Sucessivamente, em 1912, tem início as investigações sobre o cancro orientadas no sentido do nó celular, que prossegue até os dias atuais, e corresponde a uma mutação do material genético da célula que deixa de obedecer às leis da

homeostase e se multiplica por sua própria conta (Imbault-Huart, 1985). Essa discussão se fundamenta na teoria de Theodor Boveri, construída no início do século XX, sobre as anormalidades cromossômicas que indicam a causa do crescimento patológico característico do câncer (Mukherjee, 2012). Porém, devido à teoria que sustenta uma causa viral para o câncer, considerada mais consistente pelos pesquisadores, sobretudo pela esperança de uma cura universal através de vacinas, somente em 1970 que os genes e as mutações voltam a interessar os estudiosos.

Em 1971, Judah Folkman descobre o papel central da angiogênese no crescimento do tumor e na sua metástase, demonstrando que um tumor pode formar uma rede de novos vasos sanguíneos e, assim, adquirir seu próprio suprimento de sangue (Fiocruz, n.d.). Essa teoria se torna bem estabelecida no final dos anos 1980.
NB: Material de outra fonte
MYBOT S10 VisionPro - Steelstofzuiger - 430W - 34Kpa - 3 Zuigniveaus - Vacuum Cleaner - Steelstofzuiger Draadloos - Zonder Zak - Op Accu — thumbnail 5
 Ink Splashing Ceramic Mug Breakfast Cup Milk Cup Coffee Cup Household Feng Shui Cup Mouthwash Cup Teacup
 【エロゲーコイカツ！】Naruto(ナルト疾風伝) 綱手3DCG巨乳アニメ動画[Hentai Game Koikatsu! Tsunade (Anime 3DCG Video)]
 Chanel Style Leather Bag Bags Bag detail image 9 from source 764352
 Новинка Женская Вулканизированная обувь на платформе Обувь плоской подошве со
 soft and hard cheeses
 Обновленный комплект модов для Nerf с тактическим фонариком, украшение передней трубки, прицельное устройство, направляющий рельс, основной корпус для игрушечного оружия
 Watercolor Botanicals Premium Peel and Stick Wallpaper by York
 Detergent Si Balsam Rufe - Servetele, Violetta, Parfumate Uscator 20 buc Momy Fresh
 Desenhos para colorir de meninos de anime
As formulações sobre o mecanismo genético da célula normal e da célula oncológica culminam nas noções de dois principais tipos de genes que desempenham papéis imprescindíveis na origem do câncer:

O proto-oncogene, explicado por Harold Varmus e Michael Bishop. Segundo os pesquisadores, as mutações induzidas por substâncias químicas ou por raios X causam câncer não porque genes estrangeiros penetram as células, mas devido a ativação de proto-oncogenes endógenos. Assim, o proto-oncogene é precursor do oncogene, estão presentes nas células normais e quando ativados por mutação ou superexpressão, promovem o câncer. Essa teoria é publicada em 1976 e em 1989, Varmus e Bishop recebem o prêmio Nobel de Fisiologia e Medicina.

O Gene supressor de tumor, também chamado de antioncogene, descoberto por Stephen H. Friend, Robert Weinberg e Thad Dryja, em 1986, indica que o câncer também pode ocorrer pela desativação de um antioncogene (Fiocruz, n.d.). Os genes supressores de tumor protegem a célula contra uma fase no avanço para o câncer, quando sofrem mutação ocorre perda ou redução dessa função, assim, a célula pode avançar para o câncer, geralmente, em combinação com outras mudanças genéticas (Mukherjee, 2012).

A partir da década de 1990, a oncologia diminui suas expectativas de soluções universais e curas radicais e se empenha em aprofundar as pesquisas genéticas oncológicas, para explicar os princípios fundamentais que governam cada forma de câncer. Os proto-oncogenes e os genes supressores de tumor são

identificados em grande número no genoma humano, Mukherjee (2012) contabiliza cerca de cem. Os cientistas percebem que a ativação ou a desativação de qualquer gene provoca apenas os primeiros passos de um longo caminho rumo à carcinogênese, em que sucede muitas mutações em muitos genes e com muitas repetições. O autor citado resume que o câncer não é simplesmente genético em sua origem, ele é genético em sua totalidade, podendo conceber a vida do câncer como um resumo da vida do corpo, sua existência é um espelho patológico da nossa.